— Instructions to follow —
Would you repeat every entry below word for word but drop the images?

— Short web captions —
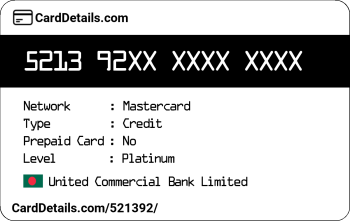 Card Details: 521392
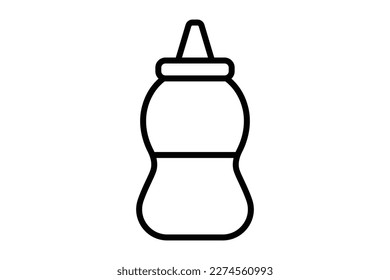 Mustard icon illustration. icon related to cooking spices. outline icon style. Simple vector design editable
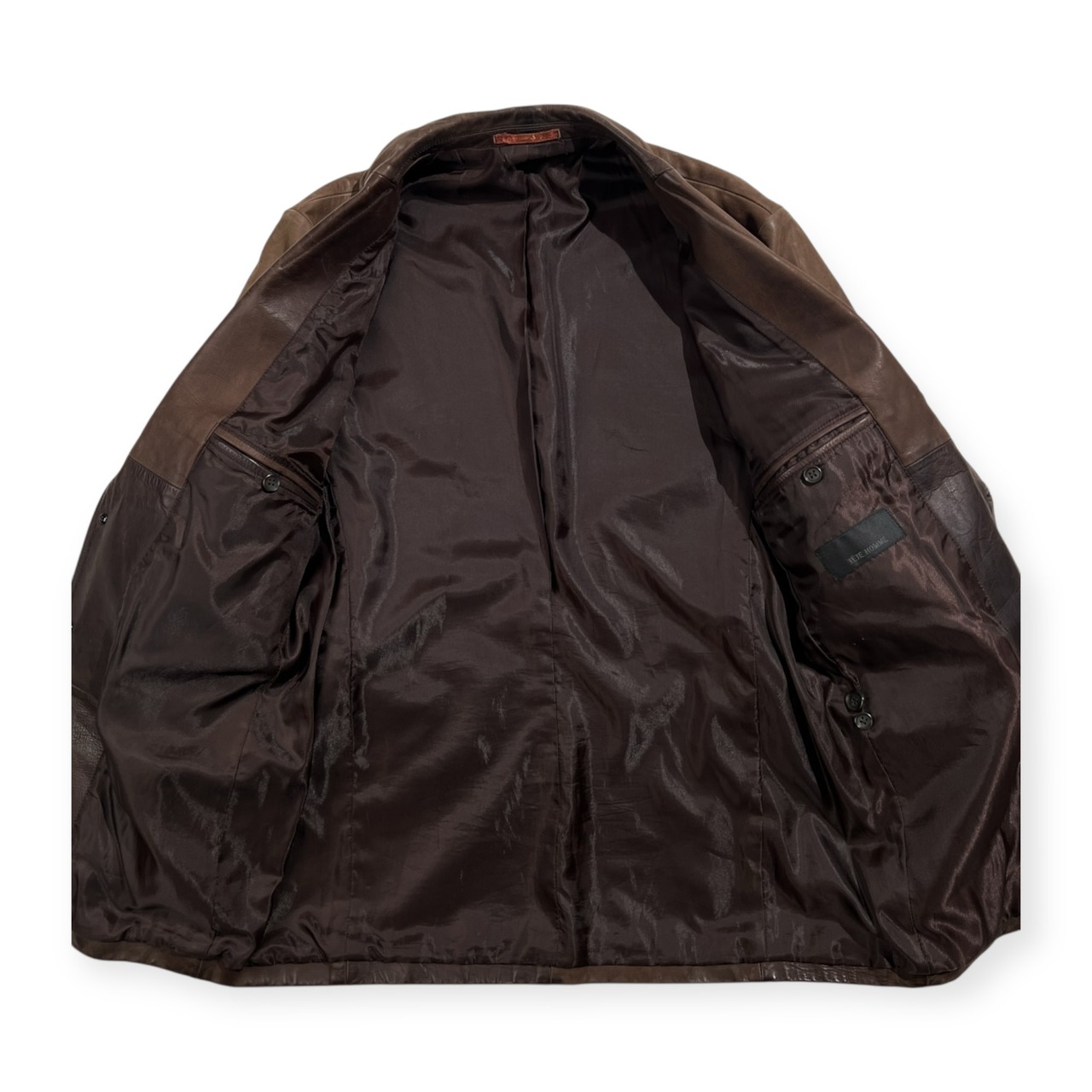 激渋 TETE HOMME テットオム レザー 2B テーラード ジャケット サイズ L /ブラウン系 牛革 本革
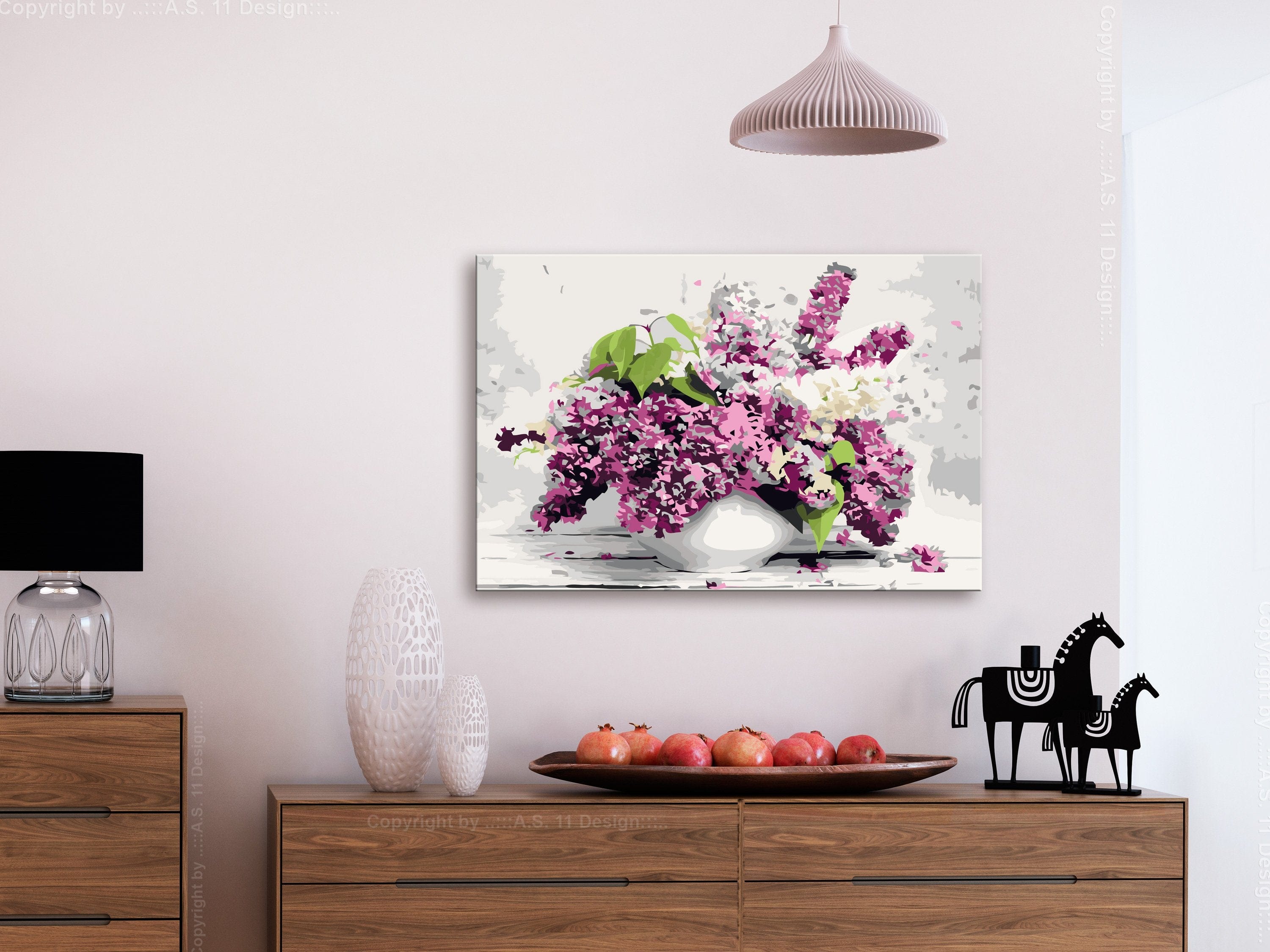 Glezna izkrāso pēc cipariem - Vase and Flowers 60x40 cm Artgeist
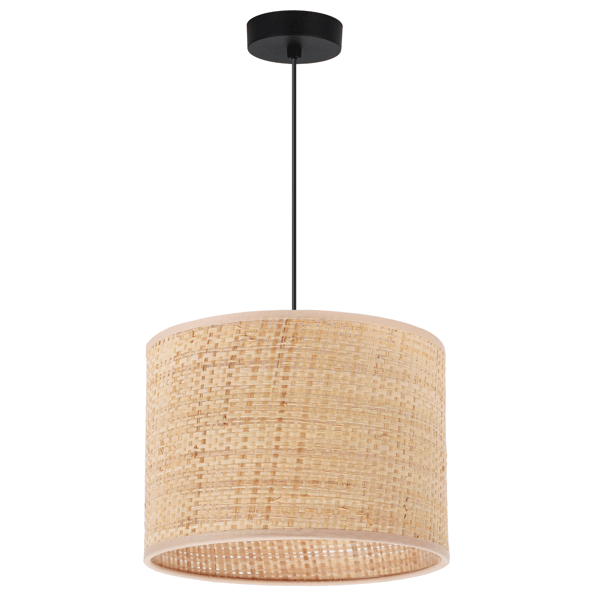 RATTAN HÆNGELAMPE SORT 1 FLAD RATTAN LAMPESKÆRM 20CM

— Task response —
 Card Details: 521392
 Mustard icon illustration. icon related to cooking spices. outline icon style. Simple vector design editable
 激渋 TETE HOMME テットオム レザー 2B テーラード ジャケット サイズ L /ブラウン系 牛革 本革
 Glezna izkrāso pēc cipariem - Vase and Flowers 60x40 cm Artgeist
 RATTAN HÆNGELAMPE SORT 1 FLAD RATTAN LAMPESKÆRM 20CM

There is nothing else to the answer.